Version: Next

Hudi

Hudi sink connector

Description

Used to write data to Hudi.

Key features

Options

Base configuration:

name	type	required	default value
table_dfs_path	string	yes	-
conf_files_path	string	no	-
table_list	Array	no	-
schema_save_mode	enum	no	CREATE_SCHEMA_WHEN_NOT_EXIST
common-options	Config	no	-

Table list configuration:

name	type	required	default value
table_name	string	yes	-
database	string	no	default
table_type	enum	no	COPY_ON_WRITE
op_type	enum	no	insert
record_key_fields	string	no	-
partition_fields	string	no	-
precombine_field	string	no	-
batch_interval_ms	Int	no	1000
batch_size	Int	no	1000
insert_shuffle_parallelism	Int	no	2
upsert_shuffle_parallelism	Int	no	2
min_commits_to_keep	Int	no	20
max_commits_to_keep	Int	no	30
index_type	enum	no	BLOOM
index_class_name	string	no	-
record_byte_size	Int	no	1024
cdc_enabled	boolean	no	false

Note: When this configuration corresponds to a single table, you can flatten the configuration items in table_list to the outer layer.

table_name [string]

table_name The name of hudi table.

database [string]

database The database of hudi table.

table_dfs_path [string]

table_dfs_path The dfs root path of hudi table, such as 'hdfs://nameserivce/data/hudi/'.

table_type [enum]

table_type The type of hudi table.

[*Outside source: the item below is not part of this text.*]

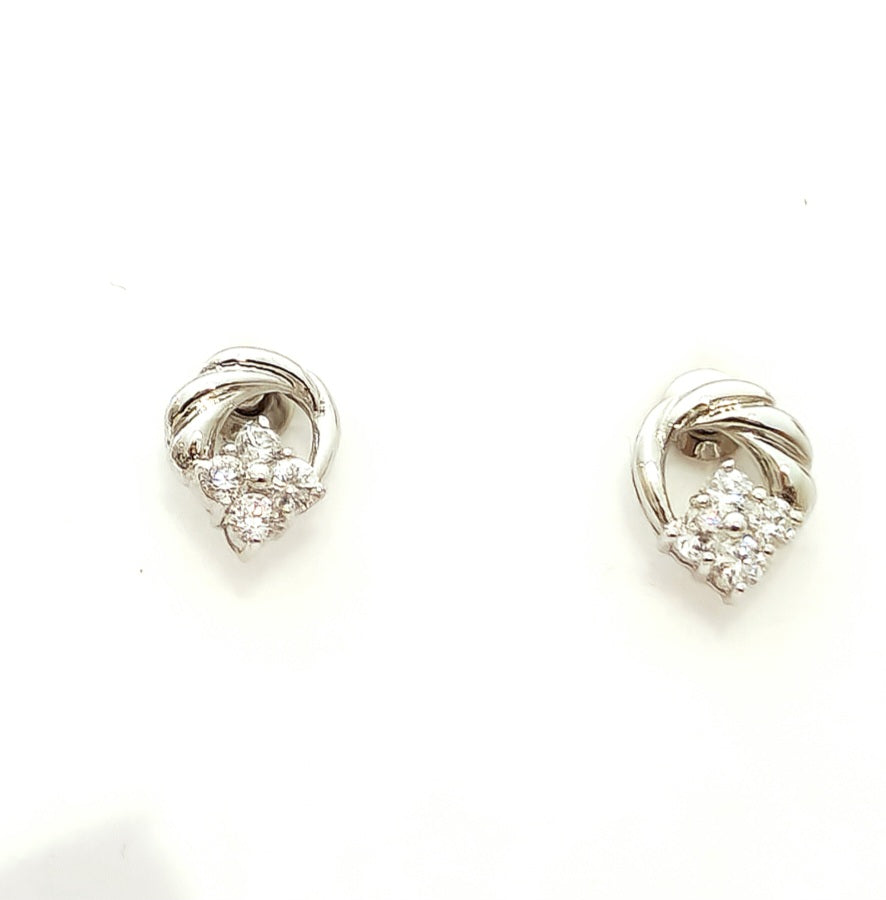 Minimalist pear pendant set in 925 sterling silver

The value is COPY_ON_WRITE or MERGE_ON_READ.

record_key_fields [string]

record_key_fields The record key fields of hudi table, its are used to generate record key. It must be configured when op_type is UPSERT.

partition_fields [string]

partition_fields The partition key fields of hudi table, its are used to generate partition.

precombine_field [string]

precombine_field The precombine field of hudi table, its are used in preCombining before actual write.

index_type [string]

index_type The index type of hudi table. Currently, BLOOM, SIMPLE, and GLOBAL SIMPLE are supported.

index_class_name [string]

index_class_name The customized index classpath of hudi table, example org.apache.seatunnel.connectors.seatunnel.hudi.index.CustomHudiIndex.

record_byte_size [Int]

record_byte_size The byte size of each record, This value can be used to help calculate the approximate number of records in each hudi data file. Adjusting this value can effectively reduce the number of hudi data file write magnifications.

conf_files_path [string]

conf_files_path The environment conf file path list(local path), which used to init hdfs client to read hudi table file. The example is '/home/test/hdfs-site.xml;/home/test/core-site.xml;/home/test/yarn-site.xml'.

op_type [enum]

op_type The operation type of hudi table. The value is insert or upsert or bulk_insert.

batch_interval_ms [Int]

batch_interval_ms The interval time of batch write to hudi table.

batch_size [Int]

batch_size The size of batch write to hudi table.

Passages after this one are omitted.